The financial aspect involves two regular tasks: working with Executive Board Representatives to ensure club items conform to our policies while still providing the maximum benefit possible to each group and hearing requests for reallocations or additional funding that fall below $500. The PU can approve the latter as long as the requested programs have previously been approved by the Executive Board, which helps prevent the overcrowding of small proposals during Executive Board meetings. Of course, clubs can appeal the PU’s decision to the Executive Board.

The club affairs aspect ties into the financial potion, but it also involves meeting with clubs, alongside their Executive Board Representatives, their Student Activities Resource Person, and occasionally the Club Operations Committee. This involves discussing club priorities, interests, and future plans with them, and some clubs also call upon the PU to assist in mediating conflicts and finding middle grounds when issues arise.

The facilities aspect looks to the future, as alluded to earlier, and developing ideas and plans for the Union to improve in the years to come. This can certainly feel odd at times, as I will have graduated long before these ideas would come to the Executive Board and achieve implementation if supported. Even so, I still try to put the best interests of my peers—both present and future—first by thinking, “If I were still here, would I find this beneficial?”

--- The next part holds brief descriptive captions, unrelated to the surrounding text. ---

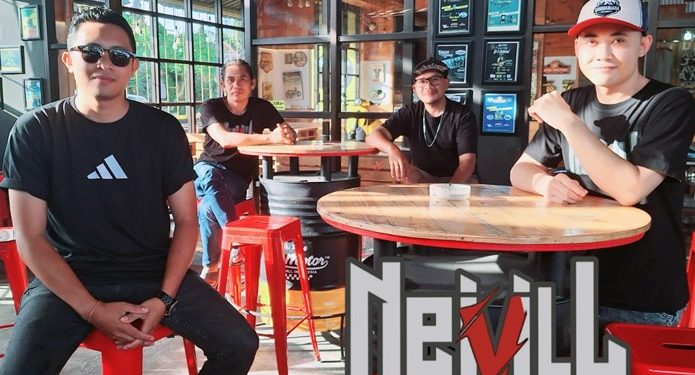 Neivill Luncurkan Lagu “Lempuyeng”, Terinspirasi dari Kehidupan Sosial Masyarakat Saat ini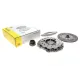 Комплект зчеплення BMW 3 (E90)/5 (E60/F10)/X3 (E83) 04-16, N20/N52/N53/M47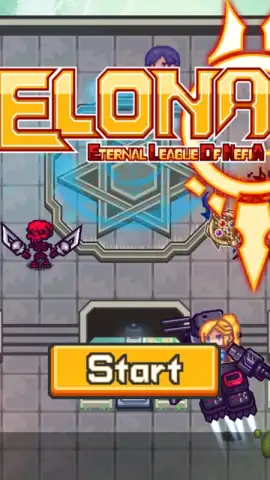 Elona Mobile скриншот 1
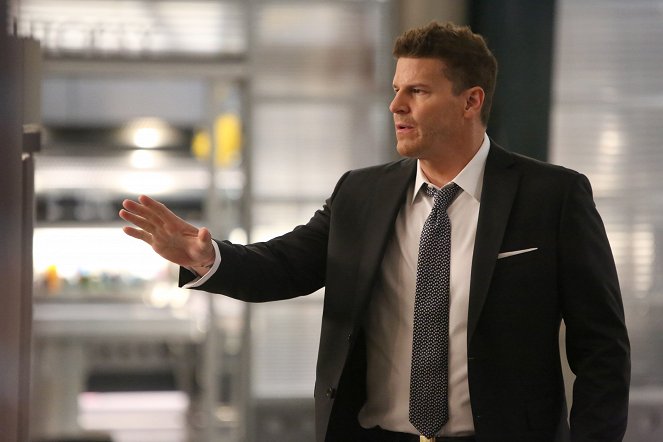 Bones - The Final Chapter - The Day in the Life - Photos - David Boreanaz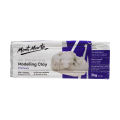 Mont marte Air Hardening Modelling Clay Premium 2kg - White. 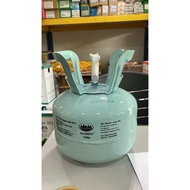 *Ready Stock*R134a 3kg Refrigerant Bottle Kecil Gas Chiller Peti Sejuk Beku Freezer Kereta Penyejuk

All of these aspects are underpinned by the interpersonal, which is possibly the most important part of the role. Though finding compromise may be difficult, it is important for the PU to set aside his personal opinions and pursue the option that aligns best with student interests and student opinions. As I alluded to throughout the article, meetings are frequent but vital, as the face-to-face interactions provide the best audience for getting to business.

This may seem like a lot, but it often feels quick and easy because of how enjoyable the work can be. There have certainly been weeks where I have wondered where the days had gone (and realized I am already due for another Derby article). But, given it all, I wouldn’t trade it for the world.